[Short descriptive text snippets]

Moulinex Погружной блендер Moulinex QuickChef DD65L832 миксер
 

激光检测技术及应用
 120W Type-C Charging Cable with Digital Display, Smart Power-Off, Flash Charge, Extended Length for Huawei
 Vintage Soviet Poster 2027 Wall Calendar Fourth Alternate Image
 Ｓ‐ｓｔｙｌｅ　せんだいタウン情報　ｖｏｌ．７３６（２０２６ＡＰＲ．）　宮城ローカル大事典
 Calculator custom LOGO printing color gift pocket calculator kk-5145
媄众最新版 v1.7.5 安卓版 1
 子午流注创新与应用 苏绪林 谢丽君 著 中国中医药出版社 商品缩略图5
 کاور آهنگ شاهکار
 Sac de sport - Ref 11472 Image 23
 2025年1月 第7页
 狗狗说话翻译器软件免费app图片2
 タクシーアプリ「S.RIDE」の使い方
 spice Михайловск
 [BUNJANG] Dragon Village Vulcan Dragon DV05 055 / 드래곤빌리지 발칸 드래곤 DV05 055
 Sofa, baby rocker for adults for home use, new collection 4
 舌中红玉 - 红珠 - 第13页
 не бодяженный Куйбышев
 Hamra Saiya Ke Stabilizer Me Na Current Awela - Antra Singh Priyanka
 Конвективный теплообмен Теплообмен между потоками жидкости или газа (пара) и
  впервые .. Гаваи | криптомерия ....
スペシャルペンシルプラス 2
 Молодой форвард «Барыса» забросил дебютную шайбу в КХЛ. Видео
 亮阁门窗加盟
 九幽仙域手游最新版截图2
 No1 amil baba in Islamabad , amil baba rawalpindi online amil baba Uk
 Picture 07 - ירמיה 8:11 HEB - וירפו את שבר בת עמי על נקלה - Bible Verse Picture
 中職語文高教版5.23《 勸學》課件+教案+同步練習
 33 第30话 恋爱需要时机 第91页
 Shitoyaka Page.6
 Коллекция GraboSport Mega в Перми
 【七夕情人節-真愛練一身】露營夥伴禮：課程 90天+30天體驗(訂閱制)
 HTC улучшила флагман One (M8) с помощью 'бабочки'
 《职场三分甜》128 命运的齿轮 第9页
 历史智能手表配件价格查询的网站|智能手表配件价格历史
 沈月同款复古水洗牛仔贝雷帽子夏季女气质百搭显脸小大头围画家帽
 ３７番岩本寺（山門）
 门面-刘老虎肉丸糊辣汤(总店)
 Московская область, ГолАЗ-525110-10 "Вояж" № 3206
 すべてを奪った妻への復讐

_AIM OF THE TASK:_ Search the data above for the word "Image", then gather each line in which it appears.

_RESULT OF THIS EXERCISE:_
 Vintage Soviet Poster 2027 Wall Calendar Fourth Alternate Image
 Sac de sport - Ref 11472 Image 23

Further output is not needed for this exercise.